:: WHAT IS BEING ASKED ::
From the data that follows, print exactly the lines starting at the one containing "A leader in" and ending at the one containing "Cash app offers"; include both of them and nothing more.

:: DATASET RECORDS ::
"""

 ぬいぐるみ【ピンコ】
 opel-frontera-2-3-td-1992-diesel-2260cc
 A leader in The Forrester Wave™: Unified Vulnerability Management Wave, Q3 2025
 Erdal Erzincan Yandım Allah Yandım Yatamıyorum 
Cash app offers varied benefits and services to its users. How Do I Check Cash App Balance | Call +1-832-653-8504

"""
"""

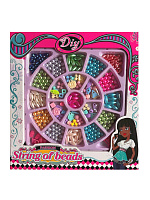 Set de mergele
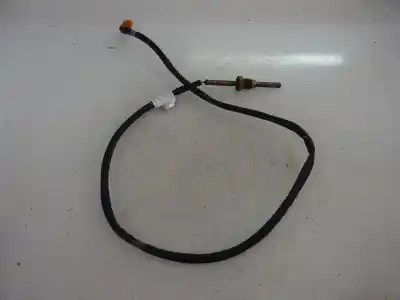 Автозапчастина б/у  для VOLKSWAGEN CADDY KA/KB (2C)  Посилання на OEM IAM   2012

"""
"""

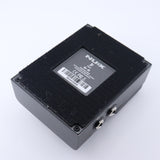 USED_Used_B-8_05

"""

:: REPLY TO THE TASK ::
 A leader in The Forrester Wave™: Unified Vulnerability Management Wave, Q3 2025
 Erdal Erzincan Yandım Allah Yandım Yatamıyorum 
Cash app offers varied benefits and services to its users. How Do I Check Cash App Balance | Call +1-832-653-8504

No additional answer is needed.